Dzani Yazhi Naazbaa’ / Little Woman Warrior Who Came Home: A Story Of The Navajo Long Walk

Dzanibaa’ is alone when U.S. troops swoop down on her family’s hogan. Before she can run to safety, a soldier grabs her and puts her on his horse. She is taken to Fort Canby, and from there is forced to walk to Bosque Redondo. For four long years, Dzanibaa’ and her family endure incredible hardship and sacrifice. Crops wither. Food is scarce or so tainted that it poisons. Illness strikes. At times there seems no hope of a better future. Nevertheless, this time of trial gives Dzanibaa’ a profound sense of herself as a Navajo and of the importance of her culture. As never before, Dzanibaa’ realizes the significance of the clan system, of the prayers and songs of her people, and of exerting herself to help her family. Hear Dzanibaa”s story, and discover why she is the Little Woman Warrior Who Came Home.

The Unbreakable Code

John’s mother is geting married and he has to leave the reservation. John’s grandfather tells him he has the special unbreakable code to take with him. This story portrays the quiet pride of a Navajo code talker as he explains to his grandson how the Navajo language, faith and ingenuity helped win World War II.

The Lost Crown

Olga, Tatiana, Maria, and Anastasia–like the fingers on a hand, Tatiana the tallest, Anastasia the smallest, Maria the one most desperate for a ring. These are the daughters of the Tsar, the daughters of the last royal Russian family. The book tracks this loving cluster of sisters from the decks of their yacht to the prison walls of their final home.
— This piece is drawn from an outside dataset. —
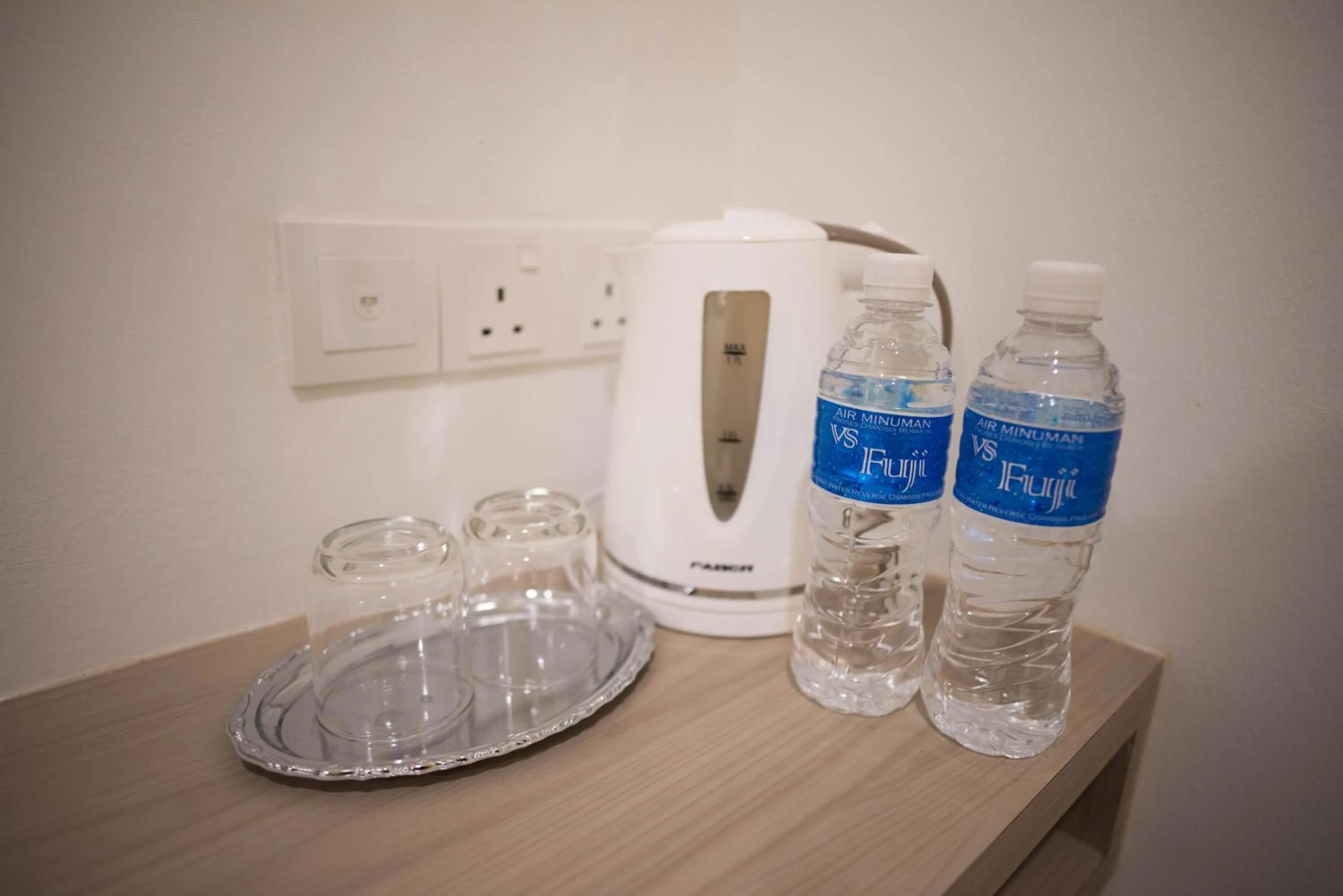 Coffee/tea facilities in HomeStay 21 Hotel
What do abdication and revolution mean to these young women? Told through each of their voices in alternating chapters, we see their day-to-day lives, in many ways, remain the same; they dote on their dogs, flirt with the soldiers, and are followed constantly by guards. But their desires for the future have all but disappeared. As conditions worsen and the provisional government loses power to the Bolsheviks, the girls huddle together to make sense of what is happening. At the same time hopeful and hopeless, naÏve and wise, their voices become a chorus singing the final song of Imperial Russia.

The Hangman in the Mirror

Françoise Laurent has never had an easy life. The only surviving child of a destitute washerwoman and wayward soldier, she must rely only on herself to get by. When her parents die suddenly from the smallpox ravishing New France, Françoise sees it as a chance to escape the life she thought she was trapped in.
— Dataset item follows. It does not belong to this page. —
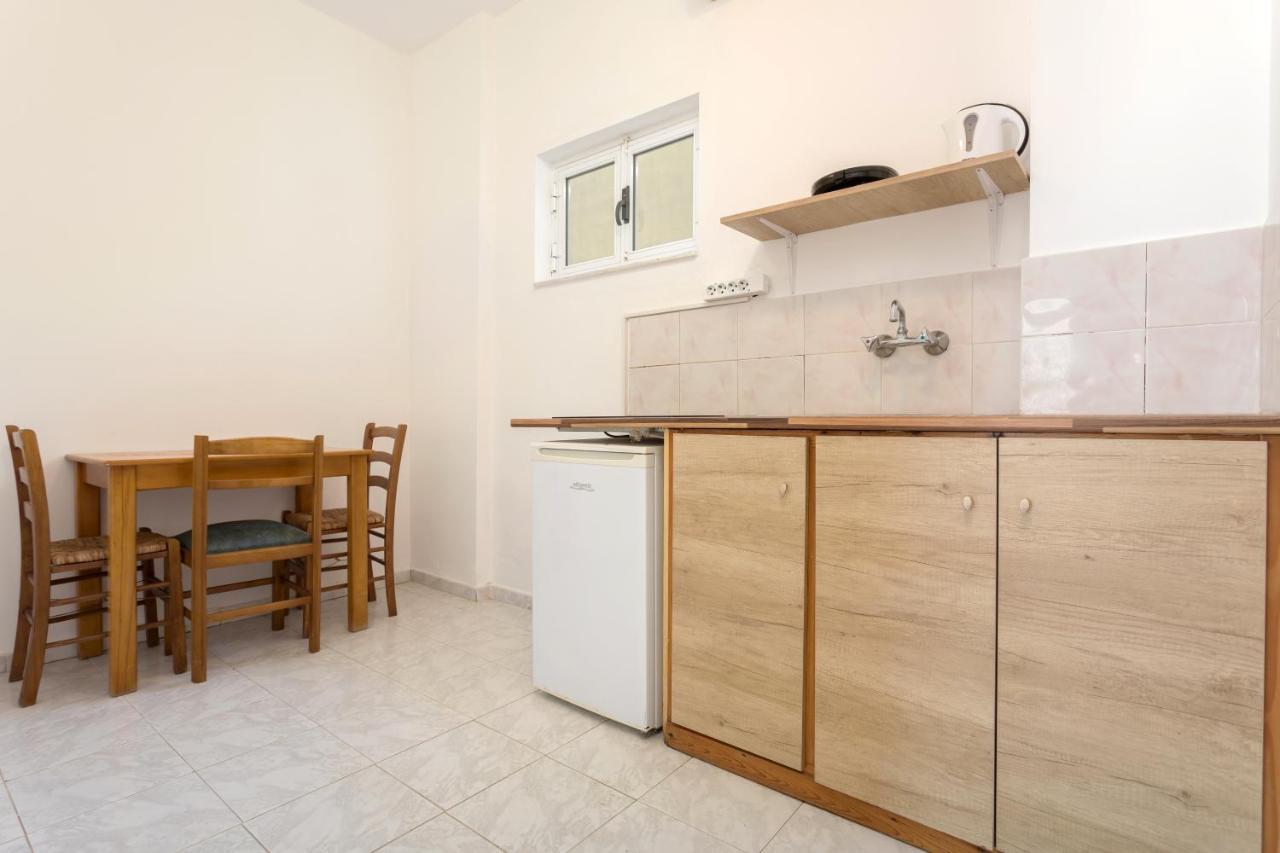 Holidays Studios & Apartments Laganas Exterior foto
Seizing her newfound opportunity, Françoise takes a job as an aide to the wife of a wealthy fur trader. The poverty-ridden world she knew transforms into a strange new world full of privilege and fine things — and of never having to beg for food. But Françoise’s relationships with the other servants in Madame Pommereau’s house are tenuous, and Madame Pommereau isn’t an easy woman to work for. When Françoise is caught stealing a pair of her mistress’s beautiful gloves, she faces a future even worse than she could have imagined: thrown in jail, she is sentenced to death by hanging. Once again, Françoise is left to her own devices to survive . . . Is she cunning enough to convince the prisoner in the cell beside her to become the hangman and marry her, which, by law, is the only thing that could save her life?
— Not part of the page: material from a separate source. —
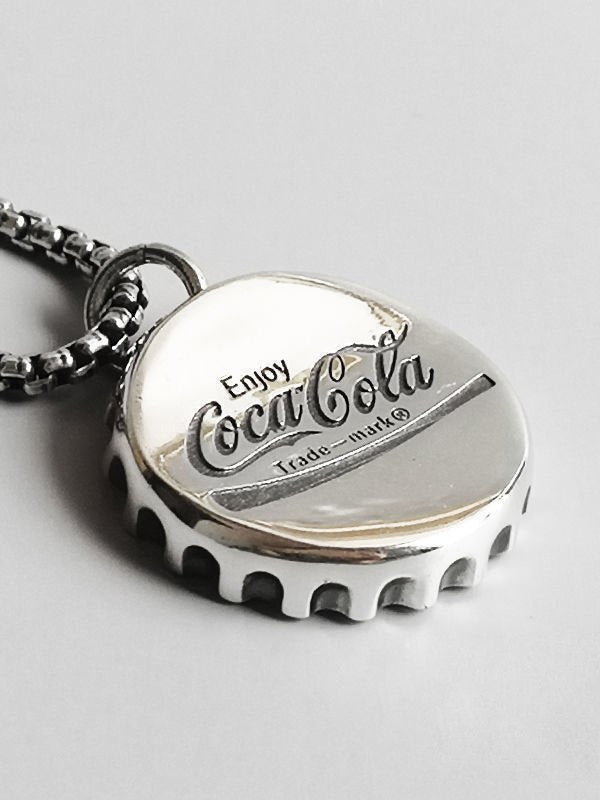 Collana con ciondolo con lettera incisa con tappo di bottiglia vintage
Featured in Volume VI, Issue 2 of WOW Review.

War Games

Newbery Honor winner Audrey Couloumbis (“Getting Near to Baby”) and her husband, Akila, deliver this gripping novel based on Akila’s boyhood experiences during World War II, after the Germans invaded Greece. What were once just boys’ games soon become matters of life and death for 12-year-old Petros and his older brother, Zola.

Dogtag Summer

Twelve-year-old Tracy–or Tuyet–has always felt different. The villagers in Vietnam called her con-lai, or “half-breed,” because her father was an American GI. And she doesn’t fit in with her adoptive family in California, either. But when Tracy and a friend discover a soldier’s dogtag hidden among her father’s things, it sets her past and her present on a collision course. Where should her broken heart come to rest? In a time and place she remembers only in her dreams? Or among the people she now calls family?

My Brother’s Shadow

As World War I draws to a close in 1918, German citizens are starving and suffering under a repressive regime. Sixteen-year-old Moritz is torn. His father died in the war and his older brother still risks his life in the trenches, but his mother does not support the patriotic cause and attends subversive socialist meetings. While his mother participates in the revolution to sweep away the monarchy, Moritz falls in love with a Jewish girl who also is a socialist. When Moritz’s brother returns home a bitter, maimed war veteran, ready to blame Germany’s defeat on everything but the old order, Moritz must choose between his allegiance to his dangerously radicalized brother and those who usher in the new democracy.

See the review at WOW Review, Volume 5, Issue 1

Between Shades of Gray

In 1941, fifteen-year-old Lina, her mother, and brother are pulled from their Lithuanian home by Soviet guards and sent to Siberia. Her father is sentenced to death in a prison camp while she fights for her life, vowing to honor her family in a labor camp.